== GIVEN ENTRIES ==
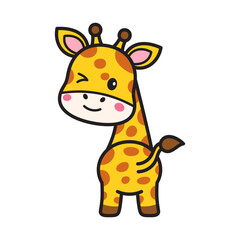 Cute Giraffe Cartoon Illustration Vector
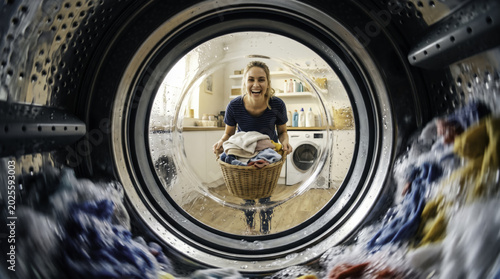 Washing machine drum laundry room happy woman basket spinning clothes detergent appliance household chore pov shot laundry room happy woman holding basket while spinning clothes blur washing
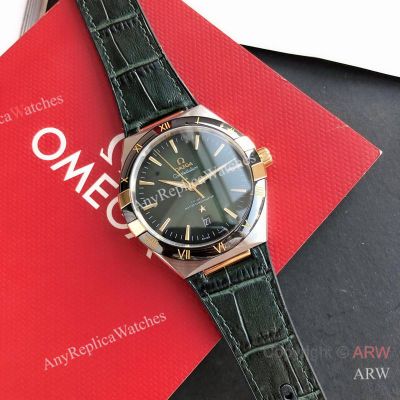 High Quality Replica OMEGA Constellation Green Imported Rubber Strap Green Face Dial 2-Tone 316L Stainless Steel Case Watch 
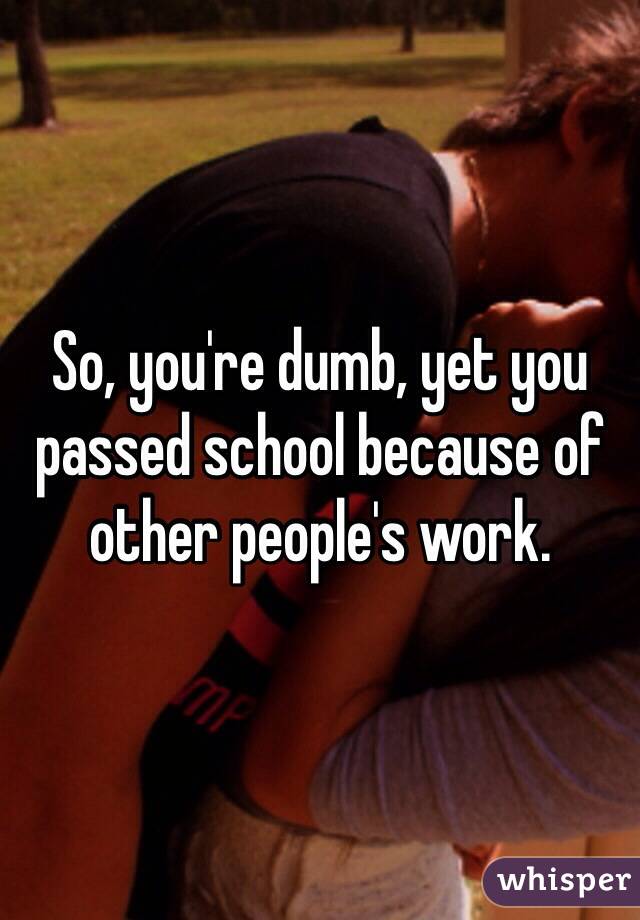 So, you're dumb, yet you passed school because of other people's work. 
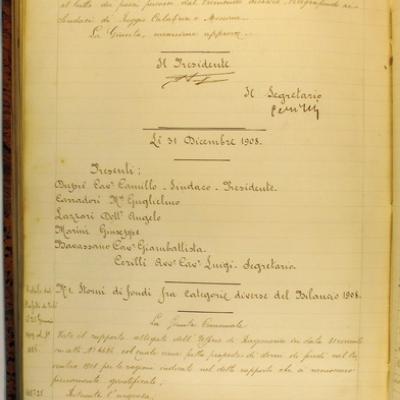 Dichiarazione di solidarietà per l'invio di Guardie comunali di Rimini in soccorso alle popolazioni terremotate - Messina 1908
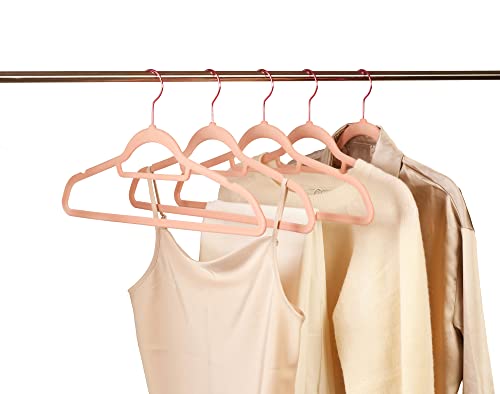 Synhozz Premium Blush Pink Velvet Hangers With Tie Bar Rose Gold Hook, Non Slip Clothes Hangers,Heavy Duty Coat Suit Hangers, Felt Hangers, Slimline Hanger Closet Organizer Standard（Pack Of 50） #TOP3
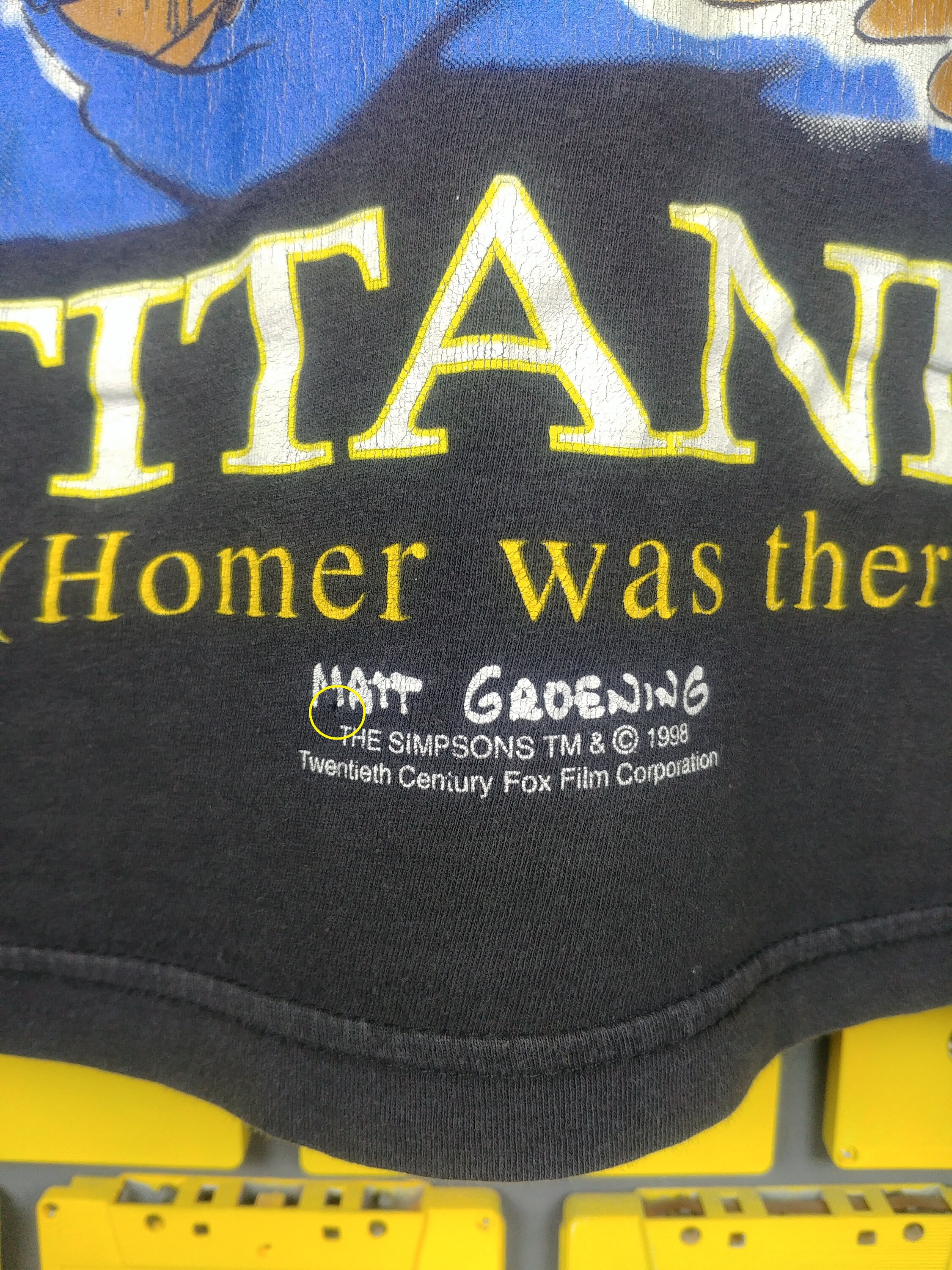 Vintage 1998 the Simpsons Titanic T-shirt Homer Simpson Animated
* * *
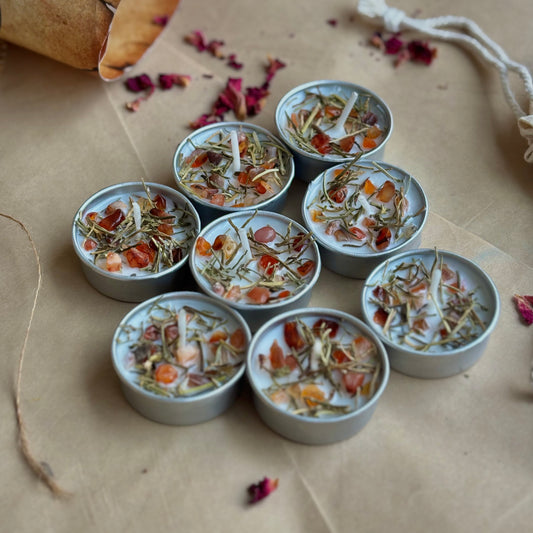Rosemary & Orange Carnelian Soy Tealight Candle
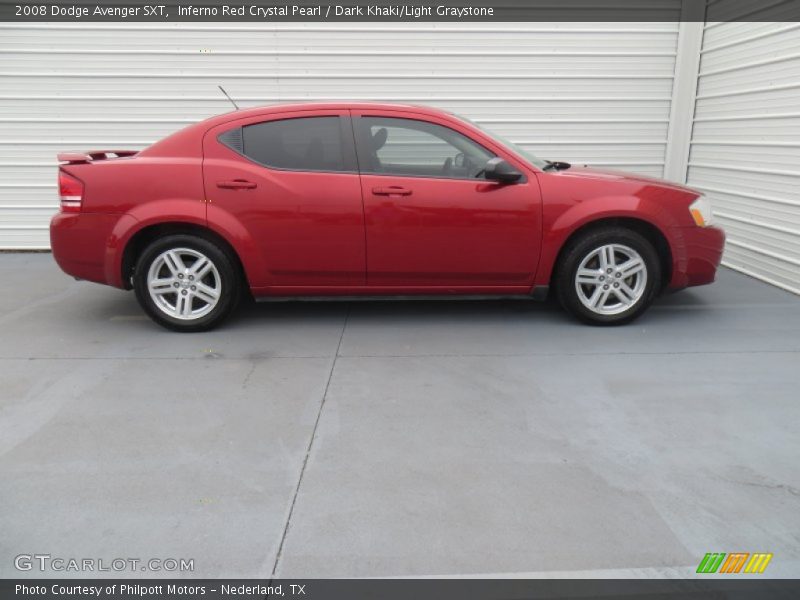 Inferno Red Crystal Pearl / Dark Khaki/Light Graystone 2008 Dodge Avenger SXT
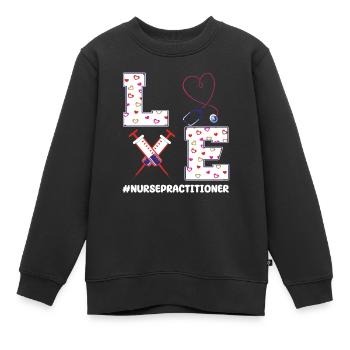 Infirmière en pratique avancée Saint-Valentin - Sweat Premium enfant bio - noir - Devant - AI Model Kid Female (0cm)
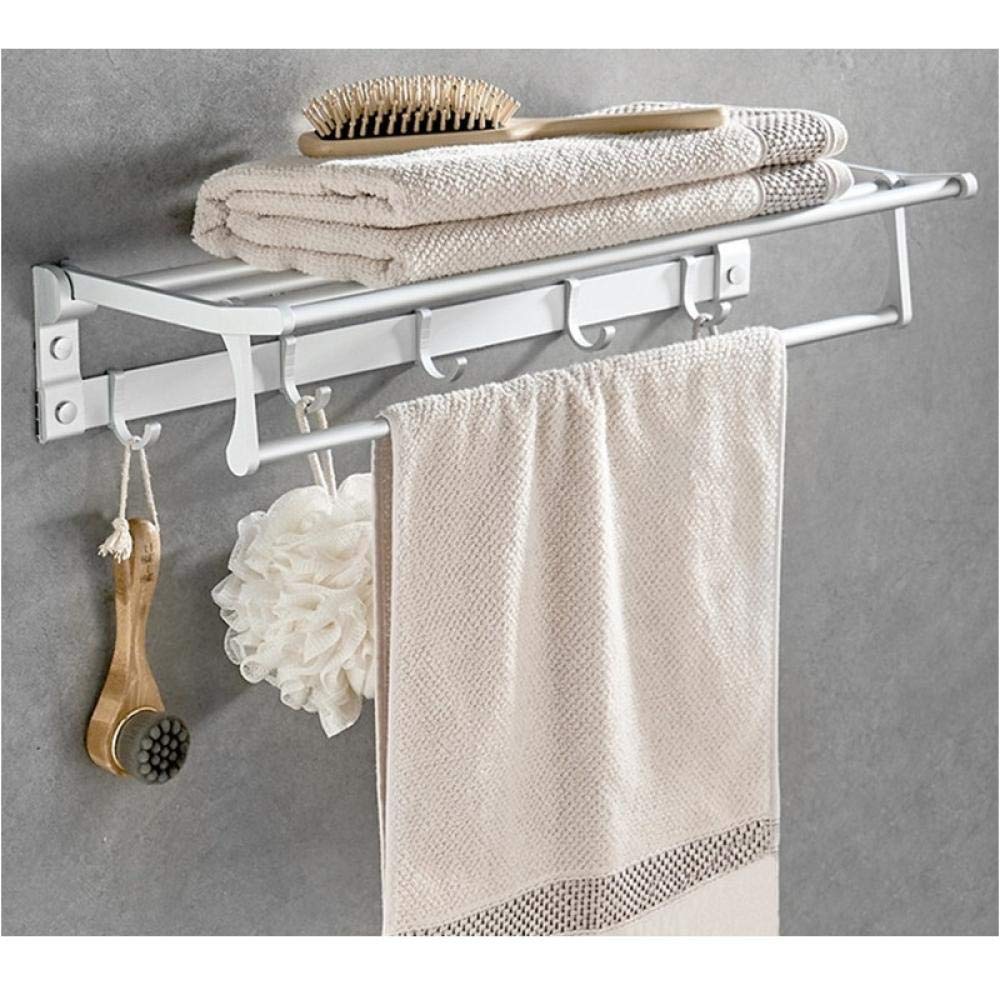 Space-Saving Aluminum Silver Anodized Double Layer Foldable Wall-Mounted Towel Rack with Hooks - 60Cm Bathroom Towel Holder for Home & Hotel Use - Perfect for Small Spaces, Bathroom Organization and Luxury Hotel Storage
...
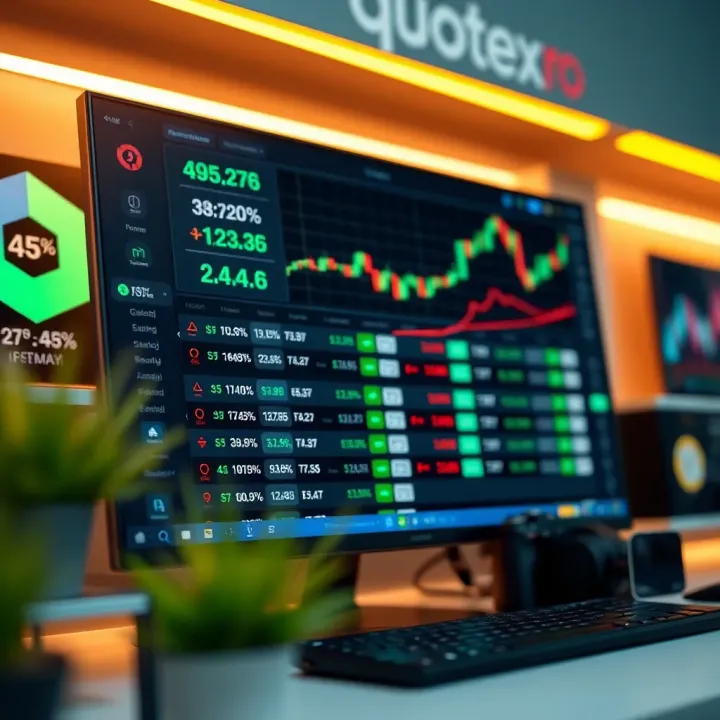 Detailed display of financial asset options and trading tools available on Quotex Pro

== WORK REQUIRED ==
In the entries above, which lines run from the one with "Cute Giraffe Cartoon Illustration Vector" up to and including the one with "Washing machine drum"? Write them out exactly, without the pictures.

== ANSWER TO THIS TASK ==
 Cute Giraffe Cartoon Illustration Vector
 Washing machine drum laundry room happy woman basket spinning clothes detergent appliance household chore pov shot laundry room happy woman holding basket while spinning clothes blur washing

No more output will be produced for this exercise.